The judge recognised that P’s mother is strongly opposed to the end-of-life plan and does not believe that the treating team is acting in P’s best interests.  P’s mother, said the judge, believes that the treating team are punitive, that they have lied about P’s condition, that they wish to “euthanise” P and have vested interests in him dying. Both parents believe that morphine and midazolam are harming P and shortening his life.  They want P to be given a chance to recover. So, too, does P’s partner:

The family are close-knit and working together to support P as best they can.  Their love for P was plain to see – as is their overwhelming grief. They are simply not able to bring themselves to face the overwhelming medical evidence or assess it in a rational way. The family are entirely united. They hold the hope and belief that P can recover. They ask for further investigations.“  (Judge)

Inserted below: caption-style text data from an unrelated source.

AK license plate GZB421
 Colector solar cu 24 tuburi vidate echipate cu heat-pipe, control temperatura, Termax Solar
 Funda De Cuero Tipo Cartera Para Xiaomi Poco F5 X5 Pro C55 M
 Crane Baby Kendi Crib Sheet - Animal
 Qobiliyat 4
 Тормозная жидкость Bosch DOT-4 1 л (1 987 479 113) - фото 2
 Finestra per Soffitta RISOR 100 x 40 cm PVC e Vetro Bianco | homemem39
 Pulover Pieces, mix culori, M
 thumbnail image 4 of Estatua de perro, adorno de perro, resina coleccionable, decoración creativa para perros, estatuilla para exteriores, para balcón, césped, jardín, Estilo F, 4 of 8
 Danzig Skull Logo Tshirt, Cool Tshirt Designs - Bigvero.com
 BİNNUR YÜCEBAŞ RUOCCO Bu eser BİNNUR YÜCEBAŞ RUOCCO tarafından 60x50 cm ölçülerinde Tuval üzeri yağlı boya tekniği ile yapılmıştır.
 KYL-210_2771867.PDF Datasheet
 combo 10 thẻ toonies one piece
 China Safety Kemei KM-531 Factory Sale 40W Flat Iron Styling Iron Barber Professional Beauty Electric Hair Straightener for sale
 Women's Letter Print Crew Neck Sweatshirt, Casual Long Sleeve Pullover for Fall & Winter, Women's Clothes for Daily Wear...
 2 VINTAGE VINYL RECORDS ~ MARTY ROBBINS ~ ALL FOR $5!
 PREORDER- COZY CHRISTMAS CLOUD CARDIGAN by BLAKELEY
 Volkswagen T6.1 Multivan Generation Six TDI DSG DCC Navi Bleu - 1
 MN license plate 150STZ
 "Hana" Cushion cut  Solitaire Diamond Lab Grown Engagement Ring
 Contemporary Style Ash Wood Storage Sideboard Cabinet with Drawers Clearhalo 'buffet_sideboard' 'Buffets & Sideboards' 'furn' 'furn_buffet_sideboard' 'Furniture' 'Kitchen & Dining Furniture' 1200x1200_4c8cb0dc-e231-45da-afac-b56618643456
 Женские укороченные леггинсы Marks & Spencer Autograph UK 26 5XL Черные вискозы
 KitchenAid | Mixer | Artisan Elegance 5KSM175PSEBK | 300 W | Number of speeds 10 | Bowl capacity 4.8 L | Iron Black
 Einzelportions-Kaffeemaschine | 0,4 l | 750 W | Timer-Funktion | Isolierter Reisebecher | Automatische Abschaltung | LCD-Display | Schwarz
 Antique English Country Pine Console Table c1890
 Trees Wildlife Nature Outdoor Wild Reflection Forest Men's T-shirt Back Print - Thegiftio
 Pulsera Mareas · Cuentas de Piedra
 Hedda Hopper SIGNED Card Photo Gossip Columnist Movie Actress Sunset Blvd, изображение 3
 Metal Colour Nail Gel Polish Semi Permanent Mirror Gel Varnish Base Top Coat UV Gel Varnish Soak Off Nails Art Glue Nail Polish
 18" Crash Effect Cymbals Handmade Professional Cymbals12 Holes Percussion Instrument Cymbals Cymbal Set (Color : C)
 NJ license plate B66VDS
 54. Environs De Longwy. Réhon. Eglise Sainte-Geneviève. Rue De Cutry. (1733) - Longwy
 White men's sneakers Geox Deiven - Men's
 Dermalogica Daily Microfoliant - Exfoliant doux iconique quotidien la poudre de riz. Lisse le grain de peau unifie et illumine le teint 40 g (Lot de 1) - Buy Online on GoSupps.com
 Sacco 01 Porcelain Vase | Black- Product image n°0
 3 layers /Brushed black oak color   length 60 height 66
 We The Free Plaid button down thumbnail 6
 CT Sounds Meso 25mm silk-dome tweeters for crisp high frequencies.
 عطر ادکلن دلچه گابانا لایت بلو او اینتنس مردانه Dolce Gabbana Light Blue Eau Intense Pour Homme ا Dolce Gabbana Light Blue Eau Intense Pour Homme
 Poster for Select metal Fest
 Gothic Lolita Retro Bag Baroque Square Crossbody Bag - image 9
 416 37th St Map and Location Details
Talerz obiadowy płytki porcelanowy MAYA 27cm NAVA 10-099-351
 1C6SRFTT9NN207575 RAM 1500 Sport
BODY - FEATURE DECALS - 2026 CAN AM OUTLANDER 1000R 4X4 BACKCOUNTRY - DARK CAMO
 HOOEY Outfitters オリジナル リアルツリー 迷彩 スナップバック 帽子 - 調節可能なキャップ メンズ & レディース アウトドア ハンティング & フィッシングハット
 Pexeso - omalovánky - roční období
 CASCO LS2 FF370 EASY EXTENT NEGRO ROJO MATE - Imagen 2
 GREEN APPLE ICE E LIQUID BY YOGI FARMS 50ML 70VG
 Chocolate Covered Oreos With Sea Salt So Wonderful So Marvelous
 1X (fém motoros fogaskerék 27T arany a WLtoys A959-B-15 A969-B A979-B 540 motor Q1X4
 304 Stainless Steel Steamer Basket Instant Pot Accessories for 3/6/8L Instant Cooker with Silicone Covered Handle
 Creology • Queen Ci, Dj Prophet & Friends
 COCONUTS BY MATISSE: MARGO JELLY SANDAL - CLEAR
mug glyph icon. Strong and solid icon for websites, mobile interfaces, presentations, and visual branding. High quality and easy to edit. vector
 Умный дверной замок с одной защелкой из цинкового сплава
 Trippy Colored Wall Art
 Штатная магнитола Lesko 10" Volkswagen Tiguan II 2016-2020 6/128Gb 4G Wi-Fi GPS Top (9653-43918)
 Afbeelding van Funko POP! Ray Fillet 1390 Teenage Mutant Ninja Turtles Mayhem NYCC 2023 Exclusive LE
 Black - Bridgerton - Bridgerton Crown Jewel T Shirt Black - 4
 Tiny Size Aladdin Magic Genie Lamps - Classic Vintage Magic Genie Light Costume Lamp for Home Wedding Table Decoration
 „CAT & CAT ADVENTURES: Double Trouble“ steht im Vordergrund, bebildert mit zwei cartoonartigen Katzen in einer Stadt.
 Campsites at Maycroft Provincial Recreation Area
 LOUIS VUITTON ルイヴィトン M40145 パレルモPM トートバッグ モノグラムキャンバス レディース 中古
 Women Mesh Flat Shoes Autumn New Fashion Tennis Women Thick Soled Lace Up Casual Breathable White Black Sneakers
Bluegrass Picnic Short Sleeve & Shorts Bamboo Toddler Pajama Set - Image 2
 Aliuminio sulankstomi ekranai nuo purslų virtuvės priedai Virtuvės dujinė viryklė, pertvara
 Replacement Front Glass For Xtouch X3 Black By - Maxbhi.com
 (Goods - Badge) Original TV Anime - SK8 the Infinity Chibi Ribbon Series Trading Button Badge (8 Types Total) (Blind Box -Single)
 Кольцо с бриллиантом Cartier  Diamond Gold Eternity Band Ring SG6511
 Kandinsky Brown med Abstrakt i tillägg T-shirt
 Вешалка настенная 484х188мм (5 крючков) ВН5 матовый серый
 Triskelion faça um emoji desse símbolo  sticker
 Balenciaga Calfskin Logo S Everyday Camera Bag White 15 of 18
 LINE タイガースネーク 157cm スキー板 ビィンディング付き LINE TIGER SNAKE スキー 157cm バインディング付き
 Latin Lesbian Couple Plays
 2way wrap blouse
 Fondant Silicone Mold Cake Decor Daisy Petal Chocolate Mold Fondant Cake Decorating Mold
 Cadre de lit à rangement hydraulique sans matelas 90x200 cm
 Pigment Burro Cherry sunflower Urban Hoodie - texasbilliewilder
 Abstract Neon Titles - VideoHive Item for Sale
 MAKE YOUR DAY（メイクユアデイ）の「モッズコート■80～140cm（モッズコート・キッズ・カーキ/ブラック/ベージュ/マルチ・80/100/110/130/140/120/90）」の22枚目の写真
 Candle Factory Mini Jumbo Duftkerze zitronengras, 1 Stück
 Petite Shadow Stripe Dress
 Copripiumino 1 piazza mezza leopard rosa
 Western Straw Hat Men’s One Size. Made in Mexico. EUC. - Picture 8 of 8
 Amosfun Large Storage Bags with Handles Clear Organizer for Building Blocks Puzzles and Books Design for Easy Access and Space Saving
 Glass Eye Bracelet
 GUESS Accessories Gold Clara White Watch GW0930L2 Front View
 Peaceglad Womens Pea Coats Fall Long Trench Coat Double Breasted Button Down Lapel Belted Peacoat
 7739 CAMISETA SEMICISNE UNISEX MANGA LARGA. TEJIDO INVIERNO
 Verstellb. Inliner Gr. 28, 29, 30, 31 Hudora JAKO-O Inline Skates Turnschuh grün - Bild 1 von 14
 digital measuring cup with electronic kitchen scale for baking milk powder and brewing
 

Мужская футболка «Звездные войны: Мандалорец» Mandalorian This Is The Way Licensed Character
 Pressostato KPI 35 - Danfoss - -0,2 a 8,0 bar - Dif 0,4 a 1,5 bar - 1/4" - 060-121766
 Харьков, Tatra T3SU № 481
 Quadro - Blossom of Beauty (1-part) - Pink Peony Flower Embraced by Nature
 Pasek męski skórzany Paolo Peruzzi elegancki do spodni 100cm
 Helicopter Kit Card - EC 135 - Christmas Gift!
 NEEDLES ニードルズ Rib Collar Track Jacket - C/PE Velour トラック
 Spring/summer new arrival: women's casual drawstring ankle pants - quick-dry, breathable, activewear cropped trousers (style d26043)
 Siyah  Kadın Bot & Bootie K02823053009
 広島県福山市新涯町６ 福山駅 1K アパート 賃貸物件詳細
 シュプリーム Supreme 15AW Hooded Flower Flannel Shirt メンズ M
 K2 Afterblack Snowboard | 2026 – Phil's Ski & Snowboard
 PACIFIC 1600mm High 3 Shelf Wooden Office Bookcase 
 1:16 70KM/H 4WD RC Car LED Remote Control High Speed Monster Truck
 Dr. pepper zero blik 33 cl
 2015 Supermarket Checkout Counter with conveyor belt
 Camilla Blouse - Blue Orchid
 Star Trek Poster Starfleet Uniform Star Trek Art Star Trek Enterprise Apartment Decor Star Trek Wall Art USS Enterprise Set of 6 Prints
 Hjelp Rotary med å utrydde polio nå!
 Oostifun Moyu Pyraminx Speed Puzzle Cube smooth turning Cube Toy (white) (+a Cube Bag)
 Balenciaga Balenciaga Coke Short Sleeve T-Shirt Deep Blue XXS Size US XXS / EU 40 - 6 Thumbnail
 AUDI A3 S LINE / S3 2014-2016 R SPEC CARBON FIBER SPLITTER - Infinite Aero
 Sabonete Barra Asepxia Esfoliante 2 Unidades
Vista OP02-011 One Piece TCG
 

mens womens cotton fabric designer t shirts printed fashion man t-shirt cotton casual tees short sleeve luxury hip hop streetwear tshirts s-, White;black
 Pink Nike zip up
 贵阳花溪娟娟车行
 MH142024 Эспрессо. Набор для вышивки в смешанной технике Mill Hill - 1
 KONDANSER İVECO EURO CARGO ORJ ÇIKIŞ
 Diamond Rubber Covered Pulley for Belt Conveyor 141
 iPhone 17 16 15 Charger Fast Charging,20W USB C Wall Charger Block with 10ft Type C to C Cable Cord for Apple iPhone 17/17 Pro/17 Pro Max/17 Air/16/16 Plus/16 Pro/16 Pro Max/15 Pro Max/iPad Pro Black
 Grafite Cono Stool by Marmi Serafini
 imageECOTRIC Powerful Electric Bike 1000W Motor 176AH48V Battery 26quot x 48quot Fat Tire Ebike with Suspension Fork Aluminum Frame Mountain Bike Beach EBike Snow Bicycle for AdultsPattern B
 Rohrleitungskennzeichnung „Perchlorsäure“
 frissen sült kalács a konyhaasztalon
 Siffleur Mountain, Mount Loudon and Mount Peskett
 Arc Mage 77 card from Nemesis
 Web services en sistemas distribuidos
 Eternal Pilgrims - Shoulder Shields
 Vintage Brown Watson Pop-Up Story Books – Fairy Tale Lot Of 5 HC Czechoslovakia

The judge referenced the relevant law, which will be in the published version of the judgment: notably, section 4 of the Mental Capacity Act 2005, Aintree, and N v ACCG [2017] UKSC 22.

She concluded that there was no doubt that P lacks capacity to make his own decision about medical treatment, hence the court must make a decision in his best interests, given the available options.  The medical evidence was unanimous.  If treatment continues, P will die within weeks.  If he receives palliative care only, he will die within hours or days.  The family do not accept this – their views are “not based on a rational assessment of what they are being told” and “so strong are the family’s reactions, they suggest that clinicians are telling lies and have malign motives”.  

The judge accepted that P would want to live and would have wanted doctors – if they could – to make him better, and to give him a chance of life.  But that is not possible, and it is “hard to see why he would accept futile treatment”.  In any case, if he had capacity, he could not insist on futile treatment, and neither can the court on his behalf.

Palliative care medication will guarantee that he is not distressed after treatment withdrawal.  And although there might be an advantage in transferring him to another hospital for end-of-life care (given that the relationship between the treating team and the family has broken down), he might die in transit or shortly afterwards, with less good care than he would receive at his current Unit.

Granting the declaration sought, the judge acknowledged that the family “will be even more devastated by this decision” and extended her “profound sympathy” for the loss of P who she knew to be “much loved, and treasured by them all”. 

Reflections

We all inevitably view hearings like these through the prism of our own experience and our own values.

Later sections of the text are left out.